Many issues were brought up at the conference, on what makes up the Arab Spring, the gender rights within the security context and the rise to power of political Islam.
Yet, at the basis of all those issues under debate were the concepts of formal and informal political structures of reform and the level of engagement of governments with those structures.
Many regional commentators credited the youth with energising the Arab awakening and turning it into a series of mini revolutions that toppled regimes or introduced reform to state governance in some countries.
However, post-revolution negotiations and political evolution appear to have largely ignored the informal power of youth and engaged, instead, the existing traditional formal entities, such as the organised Islamists or former officials and traditional opinion makers.
Several reasons led to this situation: There hasn't been enough time allowed for these informal groups to formalise their gatherings into either active civil society organisations or political parties or lobby groups; many of these informal groups are unrecognisable as a structure and therefore difficult to engage as anything more than individuals; the organised "groups" jumped in quickly to utilise the new political environment to their advantage and to serve their own political agendas; governments sought stability quickly, to avoid degeneration of the security situation, and therefore took the less time-consuming, shortcut, solutions; and finally, and I believe quite importantly, dialogue channels with the government and its agents remained within the formal sector, and largely closed and exclusive, allowing very few inroads for the activists within the informal sector.

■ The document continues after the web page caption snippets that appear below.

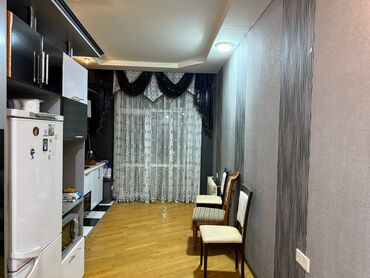 Uzunmüddətli kirayə mənzillər: Evdə bir işləyən xanım yaşayır bir işləyən xanım axtarılır.Ev — 16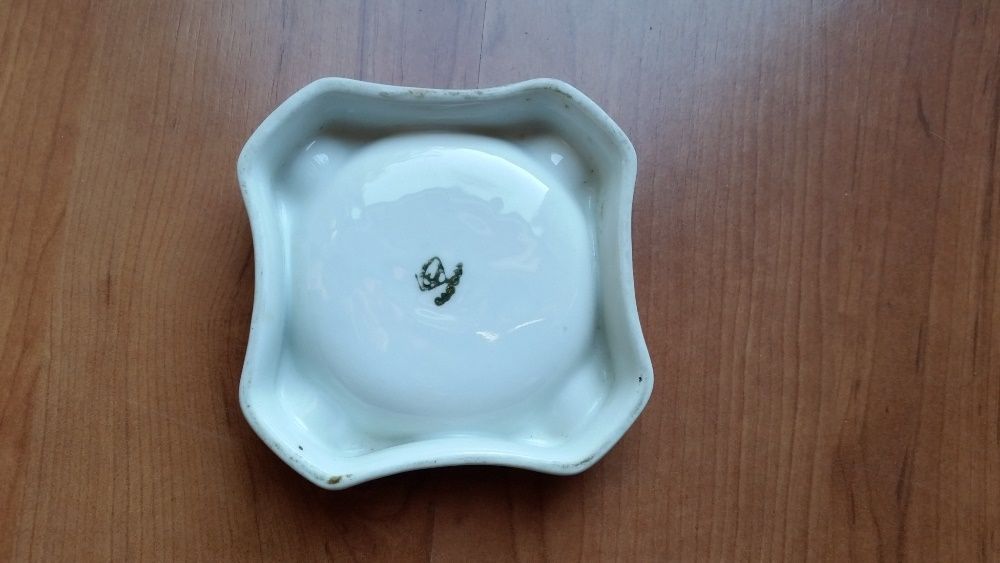 Cinzeiros VA e Candal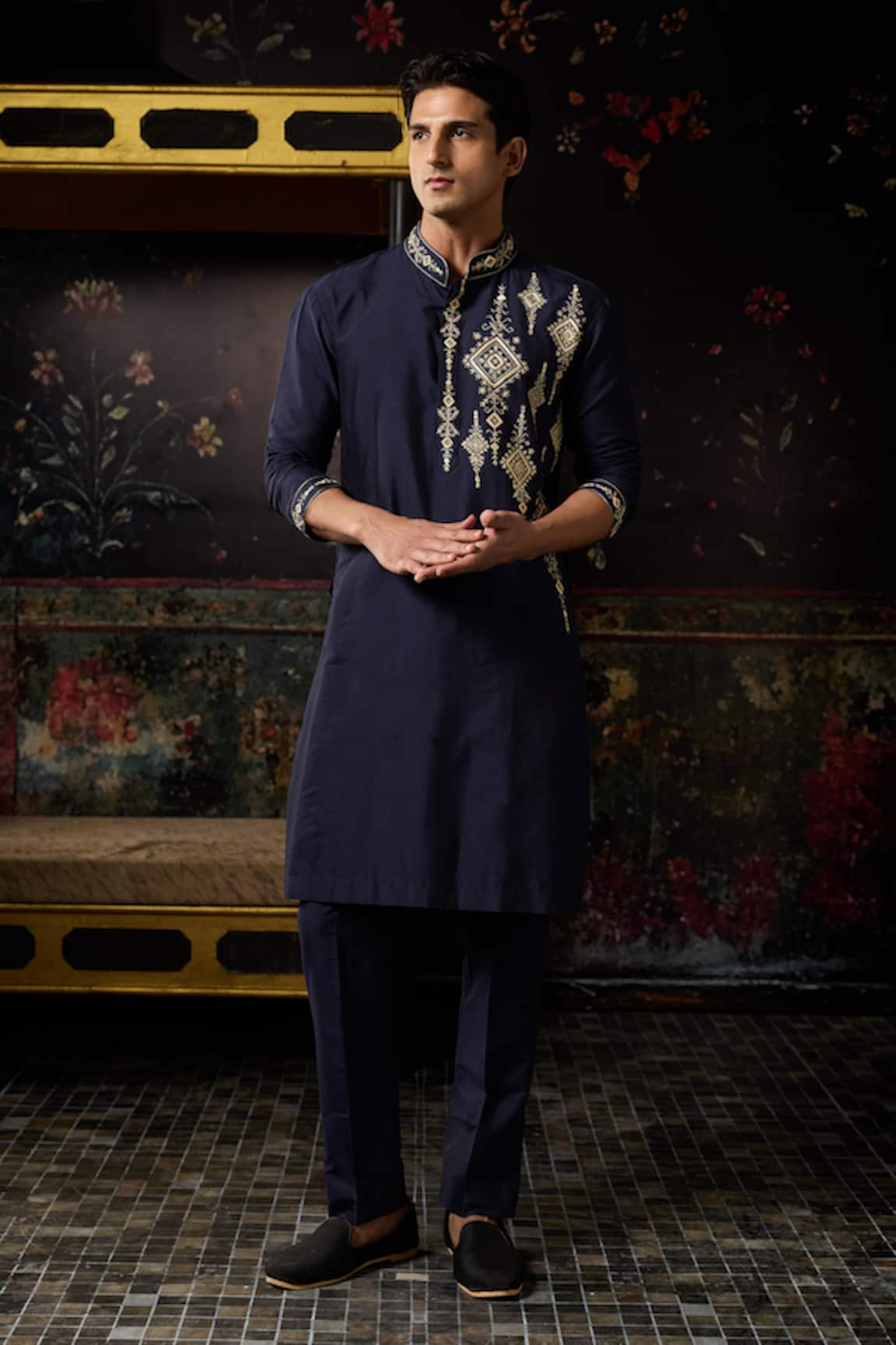 Diyarajvvir Embroidered Kurta With Pant 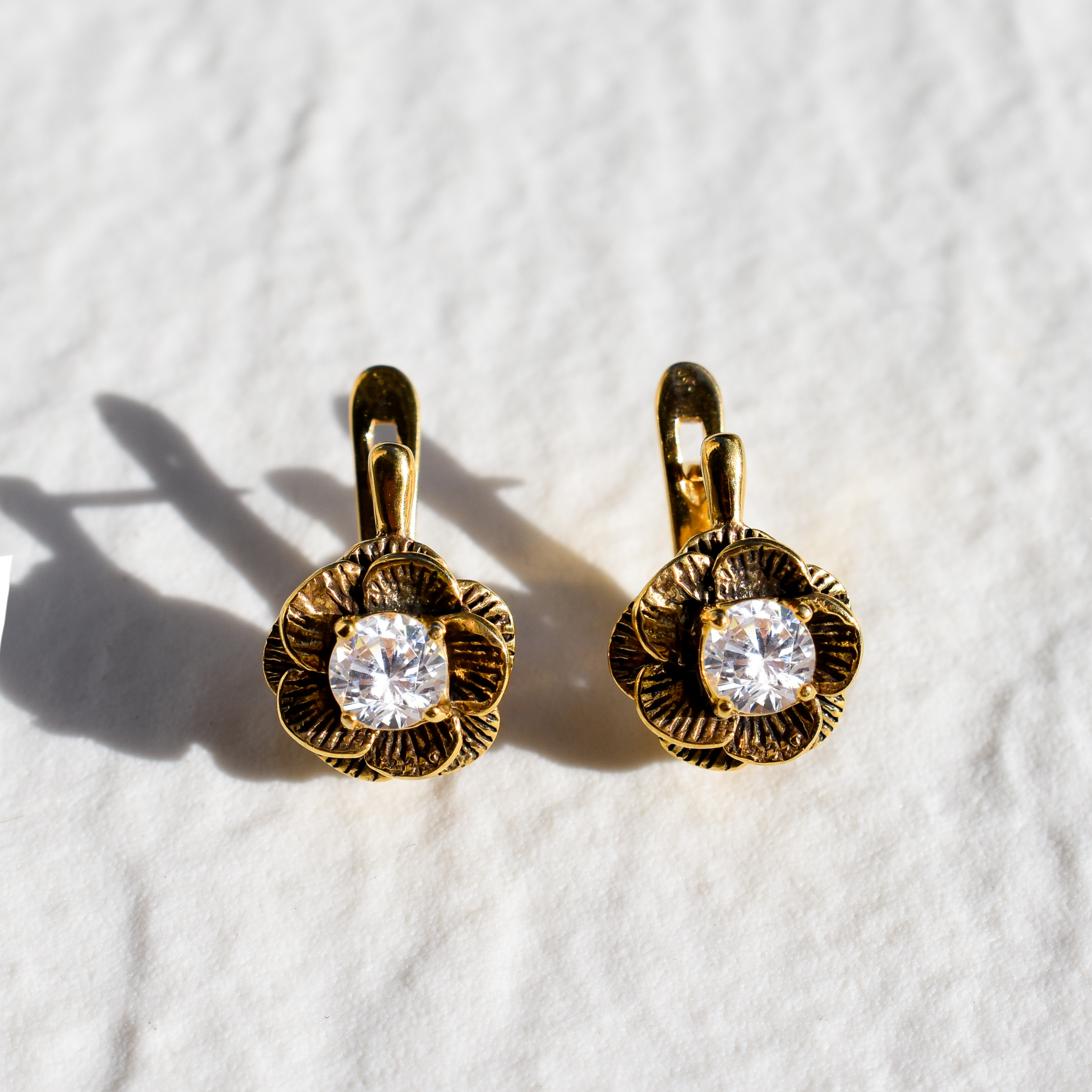 Flower Earrings, Diamond Earrings, Created Diamond, Sparkly Earrings, Diamond Studs, Vintage Earrings, White Diamond Studs, Floral Earrings(1)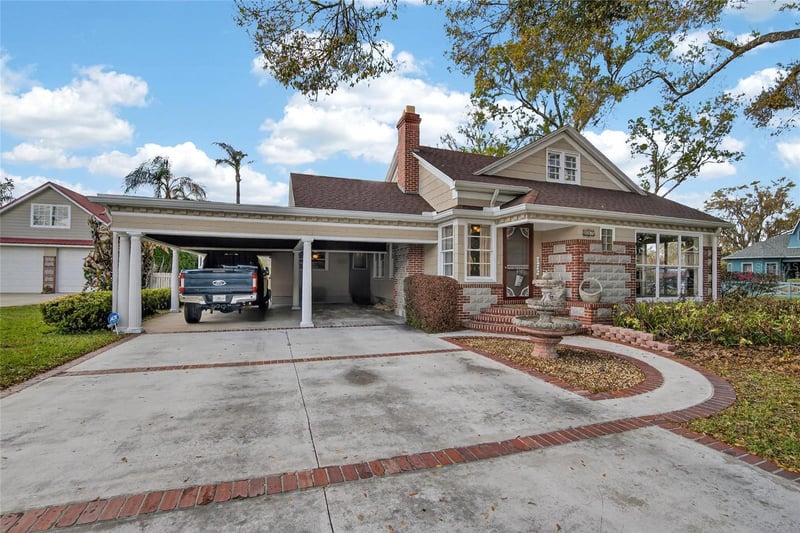 607 Merrin St, Plant City, FL 33563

As a result, what we are facing now is that the output of the revolutions does not necessarily match the aspirations of the groups that initiated them. In fact, it appears that the Arab Spring has been hijacked by organised, expansionist and politically ambitious political parties in tandem with desperate governments seeking to maintain the security situation in their countries.
In extreme cases - such as in Egypt - the situation is becoming increasingly tense and may explode at any moment.
In Jordan, we have the complicating factor that the so-called representatives of youth the government is meeting with are in fact appointed by the government and have not been elected or chosen by the young population to represent all its colours and beliefs, nor do they represent the kind of dialogue or vibrant reform narrative that one can see in the more informal youth forums.
While we all understand the urgency of introducing political reform and institutionalising that reform in laws that will usher in democratic practices and fair representation, it may be prudent to take the time to consider the partners we choose and, more importantly, the possible partners we have missed.
Perhaps the more urgent task ahead of us is to initiate dialogue outside the formal boxes and draw in the population segments that have been left out of the formal political structures during the long years of selective political inclusion.
The real fear may be that continued political exclusion may in fact be the real destabiliser and that the short-term political alliances we are building for the sake of immediate security fail to meet the expectations of the movements for real reform and end up just replacing one exclusivist autocracy with another.